2.       Uit de bestuurlijke rapportage van 16 oktober 2018 blijkt dat de politie naar aanleiding van een anonieme melding en een positieve netmeting onderzoek heeft ingesteld naar de aanwezigheid van een hennepplantage en een vuurwapen in de woning van [appellant]. De politie heeft in de woning van [appellant] 69,5 gram softdrugs en een emmer met daarin weegschaaltjes, twee gripzakjes met henneptoppen, plastic boterhamzakjes en hennepresten aangetroffen. Ook heeft de politie in een kamer in de woning attributen aangetroffen die bestemd zijn voor de kweek van hennep, namelijk koolstoffilters, assimilatielampen, armaturen, een schakelbord, gebruikte bloempotten en ongeveer 15 zakken met gebruikte mapito. Er waren geen aanwijzingen dat deze attributen in de woning opgesteld hebben gestaan.

2.1.    De burgemeester heeft vervolgens in overeenstemming met het Damoclesbeleid gemeente Kerkrade 2017 (hierna: het Damoclesbeleid) op grond van artikel 13b van de Opiumwet de woning van [appellant] gesloten voor de duur van twintig weken. Dit besluit heeft de burgemeester in bezwaar gehandhaafd.

Hoger beroep

Bevoegdheid burgemeester

3.       [appellant] betoogt dat de rechtbank ten onrechte heeft geoordeeld dat de burgemeester bevoegd was tot sluiting van de woning over te gaan.

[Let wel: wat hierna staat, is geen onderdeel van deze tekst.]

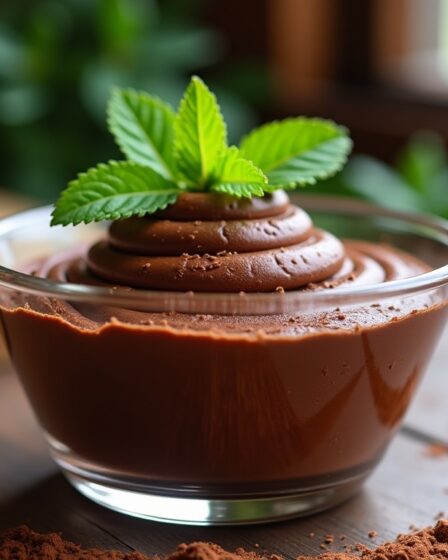 Délicieuse mousse au chocolat façon grand-mère : recette simple et rapide à réaliser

Hierover voert hij aan dat hij aannemelijk heeft gemaakt dat de aangetroffen softdrugs in zijn woning, die van geringe omvang was, voor eigen gebruik was. [appellant] stelt onder verwijzing naar de brief van zijn huisarts van 6 februari 2019 dat hij pijnklachten heeft waarvoor hij regelmatig hennep gebruikt. Gelet hierop en op zijn beperkte financiële middelen koopt hij groter in dan gebruikelijk. Daarnaast stelt [appellant] dat hij weegschalen en boterhamzakjes gebruikt om de juiste dosis af te wegen, zodat hij zijn pijn kan verlichten zonder daarbij te zwaar verdoofd te geraken. Ook gebruikt hij de boterhamzakjes om buitenshuis hennep te gebruiken. Volgens [appellant] is het niet gebruikelijk om hennep te verhandelen met behulp van boterhamzakjes. Verder is het niet relevant dat in zijn woning attributen voor hennepteelt zijn aangetroffen, omdat de woning niet om die reden is gesloten, aldus [appellant].

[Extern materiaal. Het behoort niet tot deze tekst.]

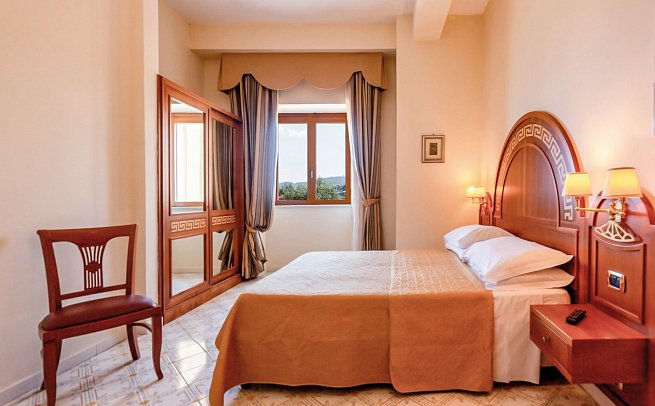 Villa Igea - Wohnbeispiel Doppelzimmer (Zimmercodierung DB1)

3.1.    Artikel 13b, eerste lid, aanhef en onder a, van de Opiumwet luidt: "De burgemeester is bevoegd tot oplegging van een last onder bestuursdwang indien in woningen of lokalen dan wel in of op bij woningen of zodanige lokalen behorende erven een middel als bedoeld in lijst I of II wordt verkocht, afgeleverd of verstrekt dan wel daartoe aanwezig is."

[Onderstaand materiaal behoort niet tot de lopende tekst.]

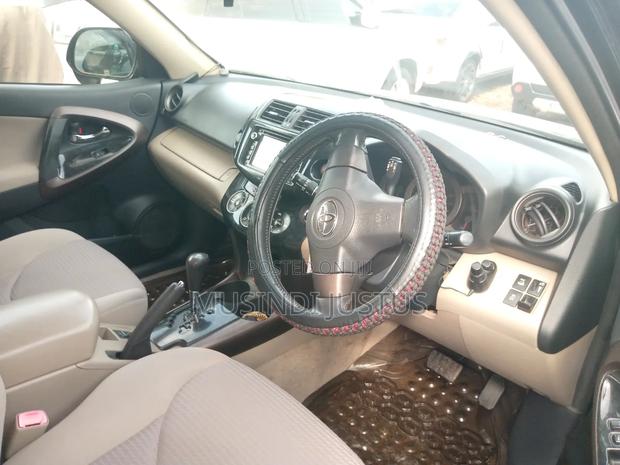 Toyota Vanguard 2008 Black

3.2.    Zoals de Afdeling eerder heeft overwogen in haar uitspraak van 4 december 2019, ECLI:NL:RVS:2019:4083, is artikel 13b, eerste lid, van de Opiumwet naar zijn tekst niet van toepassing bij de enkele aanwezigheid van drugs in een pand. Gezien de woorden "daartoe aanwezig" moeten de drugs immers met een bepaalde bestemming aanwezig zijn, dat wil zeggen voor verkoop, aflevering of verstrekking. Als uitgangspunt kan evenwel worden aanvaard dat bij aanwezigheid van meer dan 5 g of 5 planten softdrugs (het door het openbaar ministerie gehanteerde criterium voor eigen gebruik) de aangetroffen hoeveelheid softdrugs in beginsel (mede) bestemd wordt geacht voor de verkoop, aflevering of verstrekking. Het is dan vervolgens aan de rechthebbende op de woning om aannemelijk te maken dat de aangetroffen hoeveelheid softdrugs niet voor verkoop, verstrekking of aflevering aanwezig was.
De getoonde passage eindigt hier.